22. We may also refer to the judgment of Hon’ble Apex Court in Civil Appeal No.4327 of 2006 “Beed District Central Co-Operative Bank Ltd. vs. State of Maharashtra and Others”. Therein the Court referred to the ‘doctrine of blue pencil’, and held as follows:-
“The ‘doctrine of blue pencil' was evolved by the English and American Courts. In Halsbury's Laws of England (4th Edn. Vol.9), p.297, para 430, it is stated:
"430. Severance of illegal and void provisions - A contract will rarely be totally illegal or void and certain parts of it may be entirely lawful in themselves. The question therefore arises whether the illegal or void parts may be separated or "severed'' from the contract and the rest of the contract enforced without them. Nearly all the cases arise in the context of restraint of trade, but the following principles are applicable to contracts in general" In P. Ramanatha Aiyar's Advanced Law Lexicon, 3rd Edn. 2005, Vol. l,p.553-554, it is stated:
"Blue pencil doctrine (test). A judicial standard for deciding whether to invalidate the whole contract or only the offending words. Under this standard, only the offending words are invalidated if it would be possible to delete them simply by running a blue pencil through them, as opposed to changing, adding, or rearranging words. (Black, 7th Edn., 1999) This doctrine holds that if Courts can render an unreasonable restraint reasonable by scratching out the offensive portions of the covenant, they should do so and then enforce the remainder. Traditionally, the doctrine is applicable only if the covenant in question is applicable, so that the unreasonable portions may be separated. E.P.I, of Cleveland, Inc. v. Basler, 12 Ohio App2d 16:230 NE2d 552, 556.

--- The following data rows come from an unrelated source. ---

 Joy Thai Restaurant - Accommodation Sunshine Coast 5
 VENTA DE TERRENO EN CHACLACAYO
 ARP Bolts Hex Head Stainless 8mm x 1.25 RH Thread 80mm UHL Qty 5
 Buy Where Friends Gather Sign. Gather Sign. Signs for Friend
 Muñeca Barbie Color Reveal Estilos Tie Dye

Blue pencil rule/test. - Legal theory that permits a judge to limit unreasonable aspects of a covenant not to compete.
Severance of contract. - "severance can be effected when the part severed can be removed by running a blue pencil through it without affording the remaining part. Attwood v. Lamont, (1920) 3 K 571 (Banking) A rule in contracts a Court may strike parts of a covenant not to compete in order to make the covenant reasonable. (Merriam Webster) Phrase referring to severance (q.v.) of contract. "Severance can be effected when the part severed can be removed by running a blue pencil through it" without affording the remaining part. Attwood v. Lamont, (1920) 3 KB 571. (Banking)".

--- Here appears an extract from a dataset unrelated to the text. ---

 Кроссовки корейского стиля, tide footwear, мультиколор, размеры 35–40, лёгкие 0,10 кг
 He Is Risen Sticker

We, however, are of the opinion that the said doctrine cannot be said to have any application whatsoever in the instant case. Undoubtedly, the Payment of Gratuity Act is a beneficial statute. When two views are possible, having regard to the purpose, the Act seeks to achieve being a social welfare legislation, it may be construed in favour of the workman. However, it is also trite that only because a statute is beneficent in nature, the same would not mean that it should be construed in favour of the workmen only although they are not entitled to benefits thereof. (See Regional Director, Employees' State Insurance Corporation, Trichur v. Ramanuja Match Industries, AIR (1985) SC 278).”

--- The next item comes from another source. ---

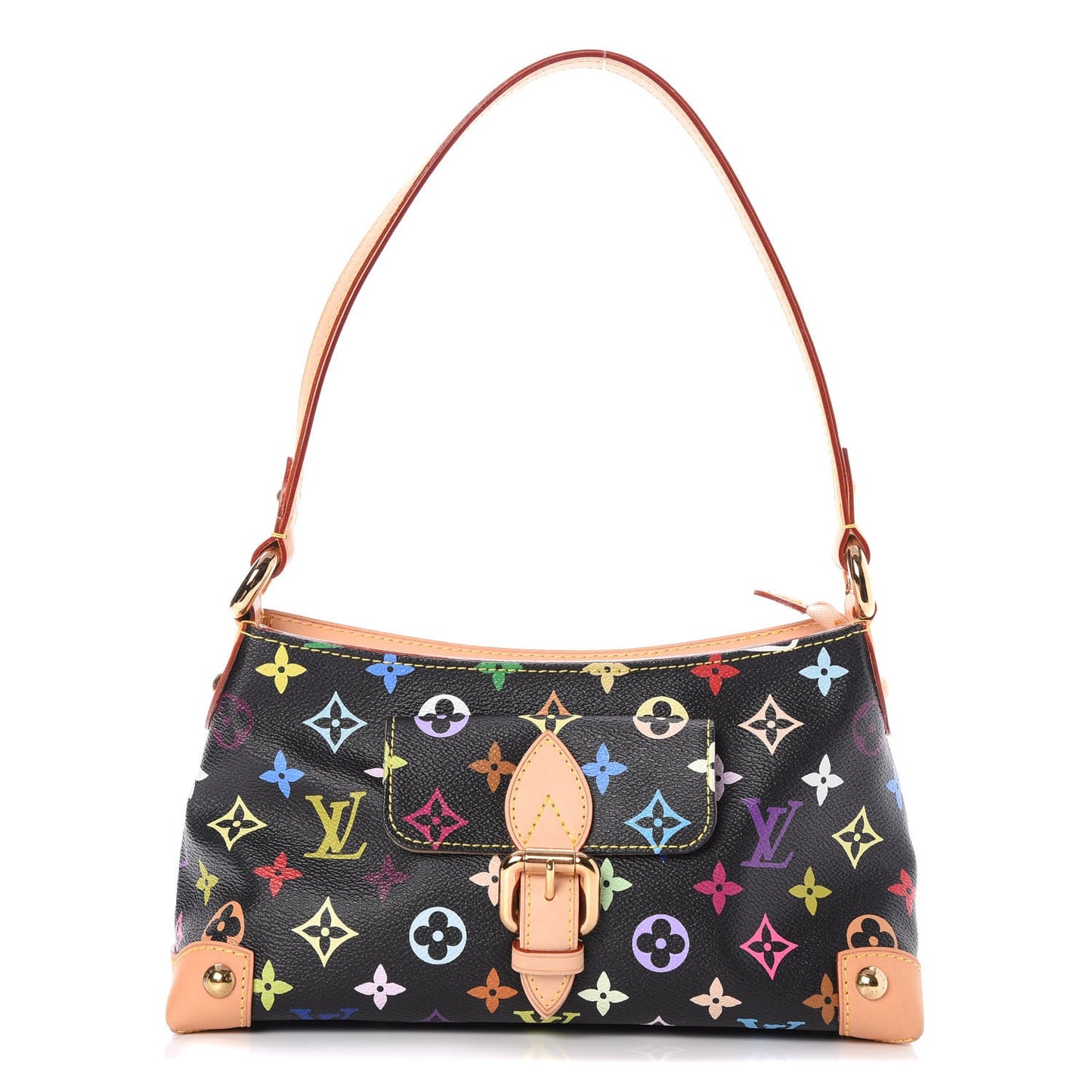 Monogram Multicolor Eliza Black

23. We may also refer, in this context, to the judgment of Hon’ble Apex Court passed by the Constitution Bench in the case of Godfrey Phillips India Ltd. & another vs. State of U.P. & others reported in (2005) 2 SCC 515. There the question arose in the context of Entry 62 of list 2 of the 7th Schedule of the Constitution and the question arose whether as to what is the concept of the word ‘luxuries’ figuring therein. Entry 62 of list 2 provides for legislative power to impose taxes on luxuries including taxes on entertainments, amusements, betting and gambling. The Court in the course of its judgment, inter alia, held as follows:
“73. Having rejected the second premise contended for by Mr. Salve, the next question is whether the language of Entry 62 List II would resolve the issue. The juxtaposition of the different taxes within Entry 62 itself is in our view of particular significance. The entry speaks of "taxes on luxuries including taxes on entertainments, amusements, betting and gambling". The word "including" must be given some meaning. In ordinary parlance it indicates that what follows the word "including" comprises or is contained in or is a part of the whole of the word preceding. The nature of the included items would not only partake of the character of the whole, but may be construed as clarificatory of the whole.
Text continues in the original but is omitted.